Mini: The Celebrity Choice We drive Princess Margaret’s Downton-tuned Mini, one of the celebrity endorsements that transformed the model’s fortunes. Words Martyn Morgan-Jones Photography Laurens Parsons.
THE CELEBRITY CHOICE Princess Margaret’s Downton special, plus the celeb Minis
Royal Approval Princess Margeret and Lord Snowdon often chose a Mini above their Rolls-Royces and Astons. We drive their Downton-tuned delight to find out why
Britain’s oft-conservative buyers were initially wary of the Mini’s tradition-busting looks, advanced format, and modest external dimensions.
‘Downton’s technicians could turn cast iron into automotive gold. This isn’t engineering, it’s alchemy’
Fortunately, the motoring press saw the bigger picture and soon clutched Issigonis’ automotive apogee to its collective heart. That resulted in escalating sales thanks to the glowing reports, not to mention the motor sport success and, crucially, a host of celebrity endorsements and purchases. Even the Queen was seen driving one. A massive PR coup. But her sister, HRH Princess Margaret, went one better. In 1964, thanks to her husband Lord Snowdon – a friend and passionate promoter of Issigonis, and a huge fan of the modish Mini – she took delivery of an Austin Mini-Cooper 1071S. Issigonis, who personally oversaw this car’s build – and who’d gifted Princess Margaret a white Mini 850 as a wedding present in 1960 – was intensely proud of Britain and its Royal Family. Indeed, he venerated the Establishment.
‘The power is delivered seamlessly; I can see why enthusiasts eulogise over Downton engines’
Under his direction, 999 FYL would be further enhanced in terms of its appearance and power, despite being a ‘top-of-the-range’ variant. This appears somewhat dichotomous; Issigonis had a dislike of the superfluous, and a well-documented reluctance to see the Mini developed as a ‘performance’ car. However, this was 1964, and the success of the Cooper and Cooper S – and the favourable publicity that resulted – had led him to a change of mind. In 1964, 999 FYL was taken to coachbuilder Hooper & Co, a company intimate with BMC’s baby and indelibly associated with the Royal Family. The Westminster-based outfit preferred to work on prestige vehicles, which is why it only converted around 40 Minis for its very special clients, compared with the hundreds that passed through the workshops of Wood & Pickett and Radford. Hooper also rebadged 999 FYL from Austin Cooper to Austin Mini, apparently a request from the Snowdons – the ‘A’ in Austin representing Anthony and the ‘M’ in Mini for Margaret.
The cosmetic improvements were only part of the metamorphosis. In 1966, Issigonis had the Mini delivered to Downton Engineering in Wiltshire, famed and fabled for its tuning expertise, and umbilical tie to BMC’s competition department. Downton’s engineers removed the 1071S engine and installed a special XSP (experimental) 1293cc unit in its place – a swap that turned this already-rapid car into one of the quickest road-going Minis in the country.
Stepping into 999 FYL, I’m instantly reminded of just how space-efficient the Mini is.
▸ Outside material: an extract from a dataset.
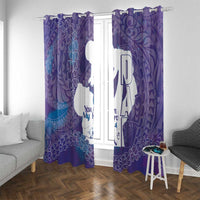 Purple Polynesia Father's Day Window Curtain Dad You Are My Hero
And, how its slim pillars and plentiful glass area afford excellent all-round visibility. Which is a good thing considering how valuable this car is… and how much power it produces. The dyno sheet that Downton supplied in 1967, when the car was returned for some minor upgrades, shows that the 1293cc A-series was blessed with 86bhp at 6500rpm. Plenty to shift the Mini’s 645kg.
Despite the performance modifications, it’s a ready starter and, once the engine has fully warmed up, it settles down into a steady idle. The first thing that I notice when pulling away is the almost hair-trigger throttle response, common to all the tuned Minis I have driven. The merest brush of my foot on the accelerator pedal has revs soaring. It’s mightily swift too, and the power is delivered in a seamless, linear manner. Although red-lined at 6500rpm, the engine, as eager as it is potent, is apparently good for more. Well, I’m happy to let the needle caress the red-line, but not overstep the mark.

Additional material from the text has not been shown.